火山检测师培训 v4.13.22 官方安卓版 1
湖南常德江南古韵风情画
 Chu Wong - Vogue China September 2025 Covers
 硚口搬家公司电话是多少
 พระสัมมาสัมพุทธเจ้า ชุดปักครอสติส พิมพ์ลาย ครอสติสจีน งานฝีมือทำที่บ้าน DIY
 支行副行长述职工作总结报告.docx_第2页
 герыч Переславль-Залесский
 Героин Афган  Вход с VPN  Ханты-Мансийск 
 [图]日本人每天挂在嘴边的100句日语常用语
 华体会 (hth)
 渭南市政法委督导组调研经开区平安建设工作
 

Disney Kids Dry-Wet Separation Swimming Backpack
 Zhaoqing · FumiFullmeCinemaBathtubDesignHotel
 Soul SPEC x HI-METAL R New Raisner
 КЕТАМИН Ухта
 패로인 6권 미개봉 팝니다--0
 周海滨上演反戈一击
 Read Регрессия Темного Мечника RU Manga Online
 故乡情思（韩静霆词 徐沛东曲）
◇ ◇ ◇ ◇ ◇ ◇ ◇
Required action =
Give back only the lines from the one containing "Chu Wong - Vogue China September 2025 Covers" through the final line of the entries above, exactly as written, both included.

Solution for this problem =
 Chu Wong - Vogue China September 2025 Covers
 硚口搬家公司电话是多少
 พระสัมมาสัมพุทธเจ้า ชุดปักครอสติส พิมพ์ลาย ครอสติสจีน งานฝีมือทำที่บ้าน DIY
 支行副行长述职工作总结报告.docx_第2页
 герыч Переславль-Залесский
 Героин Афган  Вход с VPN  Ханты-Мансийск 
 [图]日本人每天挂在嘴边的100句日语常用语
 华体会 (hth)
 渭南市政法委督导组调研经开区平安建设工作
 

Disney Kids Dry-Wet Separation Swimming Backpack
 Zhaoqing · FumiFullmeCinemaBathtubDesignHotel
 Soul SPEC x HI-METAL R New Raisner
 КЕТАМИН Ухта
 패로인 6권 미개봉 팝니다--0
 周海滨上演反戈一击
 Read Регрессия Темного Мечника RU Manga Online
 故乡情思（韩静霆词 徐沛东曲）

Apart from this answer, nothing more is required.